Marriage? Babies? Bring it on, say Australia's young women

Writer
Sarah Maguire
Date
11 May 2018
Faculty
Faculty of Human Sciences
Topic

Share

More than 90 per cent of young Australian women want to have babies - but careers are an equal priority, a survey reveals.

Neither women’s liberation nor the perennial challenge of juggling work and family is failing to deter a new generation of mothers: more than 90 per cent of young Australian women today want to have children. And more than 85 per cent want to be married when they do so.

Dr Melissa Johnstone, a health psychologist and lecturer in Macquarie’s Department of Educational Studies, says young women today are as keen as the generation before them to have families.

But they still want to have it all: a career, as a new survey of the aspirations of more than 11,000 women born from 1989 to 1995 reveals, is as much of a priority as having babies.

However, like the generation before them, these young women may adjust their aspirations over time as they collide with the reality of government policies that make it challenging to achieve a work-family balance.

Using data from the Australian Longitudinal Study on Women’s Health, Johnstone has been comparing the aspirations of women born between 1973 and 1978, a cohort now into their 40s that has been surveyed every three years since the late 1990s, and those of the new “baby” cohort, who are aged from their early to late 20s.

The survey asked both cohorts how many children they aspired to have at the age of 35: among the more than 90 per cent of young women who want children, most would like to have two, with around a third saying they would like more than three.

“This is pretty similar to what we found in the older cohort when they were the same age,” says Johnstone.  “However, we did find as we followed that cohort over time that their aspirations tended to downsize – for example there was a slight increase in the number of women who said they didn’t want to have children, and a reduction in the number who wanted three or more.”

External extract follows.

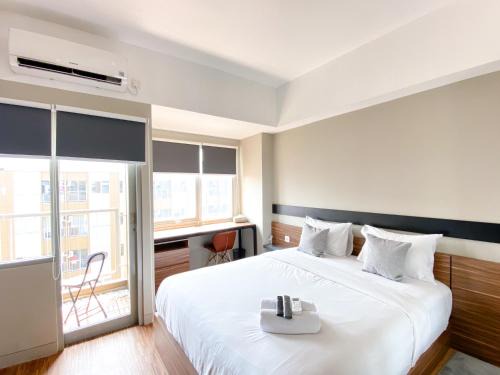 Homey and Simply Look Studio Gateway Park LRT City Jatibening Apartment By Travelio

Days numbered for the stay-at-home mum?

Challenging the idea that Australian mothers prefer to work part-time, the new survey also shows that more than 60 per cent of young women aspire to be in full-time paid employment at age 40 with about 20 per cent wanting to be self-employed at that age, and only 15 to 20 per cent envisaging they’ll want part-time work.

“We get very few saying they want to be full-time unpaid at home, it’s less than 5 per cent,” Johnstone says.

The figures also challenge any notion that the liberation of women and their entry en masse into the workforce would lead to the eschewing of motherhood in favour of career.

“I think that what was often said about women preferring careers over motherhood has never really been the case,” says Johnstone. “I think that both have become priorities for women and important for women, as is having a stable committed relationship - that’s also something that comes through.”

Similar to the older cohort, more than 85 per cent of young women want to be married by the time they are 40, 9 per cent want a stable but unmarried relationship, and only 1 or 2 per cent say they want to be single at age 40.

“I think relationships are very important to people,” says Johnstone. “In places in Europe there’s an increase in de facto relationships and this is the case in Australia as well to some extent, but in Australia we are a little more traditional in what we aspire to; the majority are still saying they’d like to be married.”

Working mothers need more support

Australian mothers are also more likely to return to part-time rather than full-time work, or drop out of the workforce all together, than women in other developed nations, studies have found.

Such findingspoint to a need for Australian policies to be more supportive in areas including paid parental leave, child-care accessibility and affordability, and flexible work practices.

“There are definitely more options for women, they see that they can pursue work and family and they don’t have to have one without the other,” says Johnstone. “But we do find when women start having children that there are more challenges as the realities of managing work and family can be difficult, but this can be eased with supportive work-family policies.”